In the illustrated example, one or more input devices 1222 are connected to the interface circuit 1220. The input device(s) 1222 permit(s) a user to enter data and/or commands into the processor 1212. The input device(s) can be implemented by, for example, an audio sensor, a microphone, a camera (still or video), a keyboard, a button, a mouse, a touchscreen, a track-pad, a trackball, isopoint and/or a voice recognition system.
One or more output devices 1224 are also connected to the interface circuit 1220 of the illustrated example. The output devices 1224 can be implemented, for example, by display devices (e.g., a light emitting diode (LED), an organic light emitting diode (OLED), a liquid crystal display, a cathode ray tube display (CRT), a touchscreen, a tactile output device, a printer and/or speakers).
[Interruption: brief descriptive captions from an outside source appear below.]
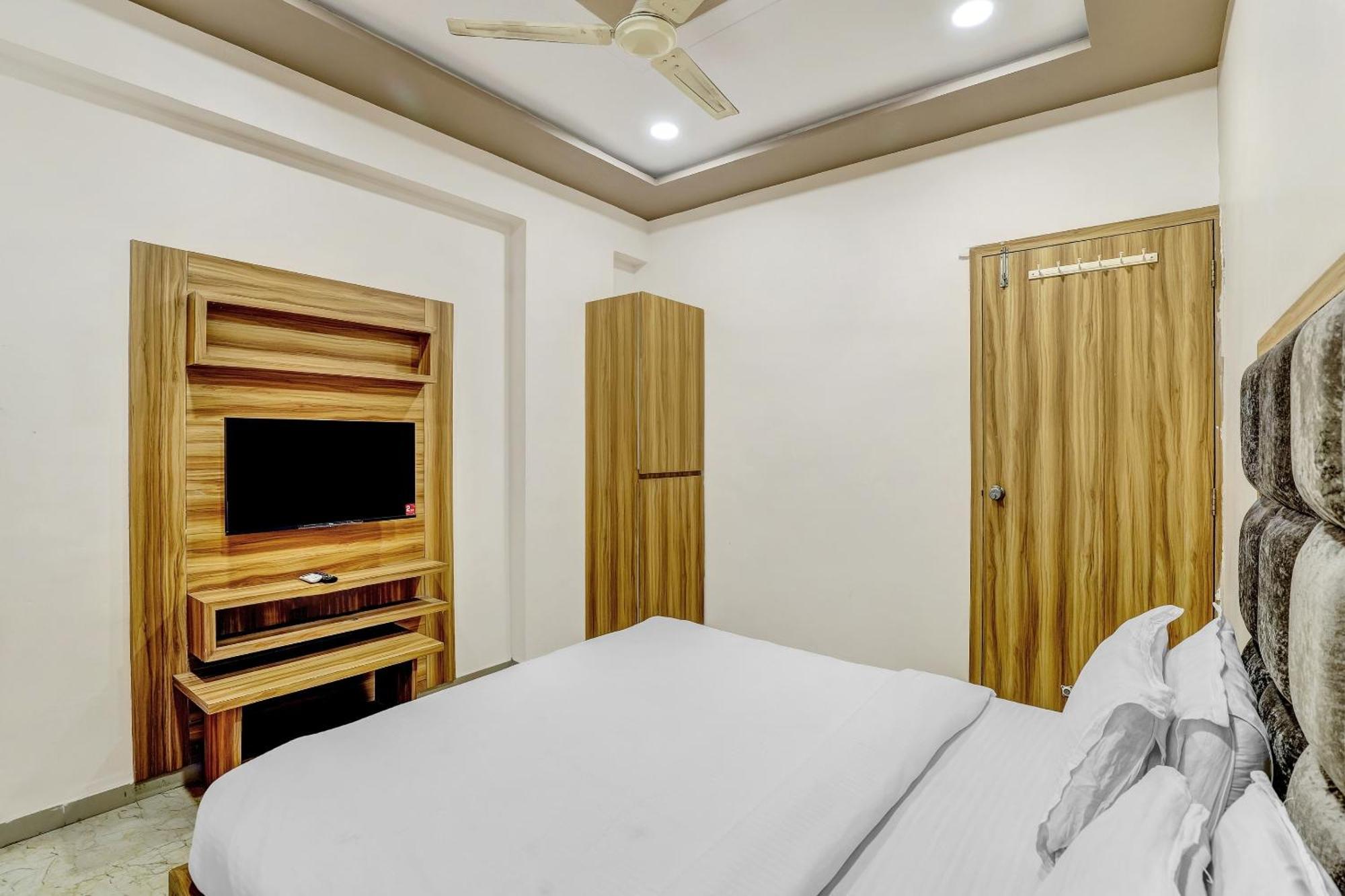 Hotel Capital O Maple View à Naroda Extérieur photo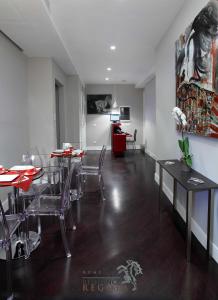 une salle à manger avec des tables, des chaises et un tableau dans l'établissement Residence Regola, à Rome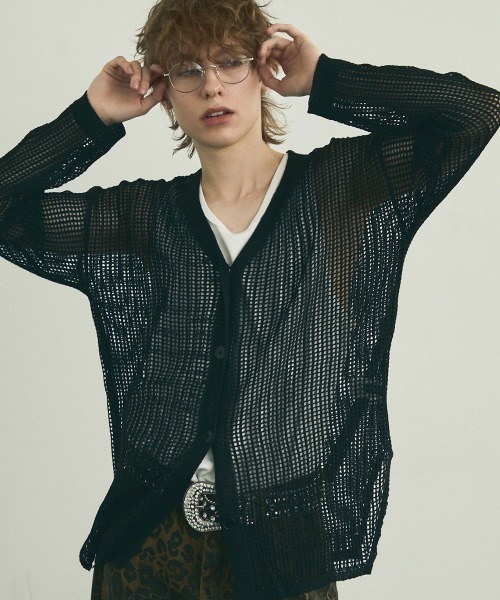 Shoowtime(ショウタイム)の「Big silhouette knit loose sheer cardigan / ビッグシルエットニットルーズシアーカーディガン(カーディガン/ボレロ・メンズ・ブラック/オフホワイト・MEDIUM/LARGE/X-LARGE)」の2枚目の写真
The interface circuit 1120 of the illustrated example, thus, typically includes a graphics driver card, a graphics driver chip and/or a graphics driver processor.
The interface circuit 1220 of the illustrated example also includes a communication device such as a transmitter, a receiver, a transceiver, a modem and/or network interface card to facilitate exchange of data with external machines (e.g., computing devices of any kind) via a network 1226 (e.g., an Ethernet connection, a digital subscriber line (DSL), a telephone line, coaxial cable, a cellular telephone system, etc.).
The processor platform 1200 of the illustrated example also includes one or more mass storage devices 1228 for storing software and/or data. Examples of such mass storage devices 1228 include floppy disk drives, hard drive disks, compact disk drives, Blu-ray disk drives, RAID systems, and digital versatile disk (DVD) drives.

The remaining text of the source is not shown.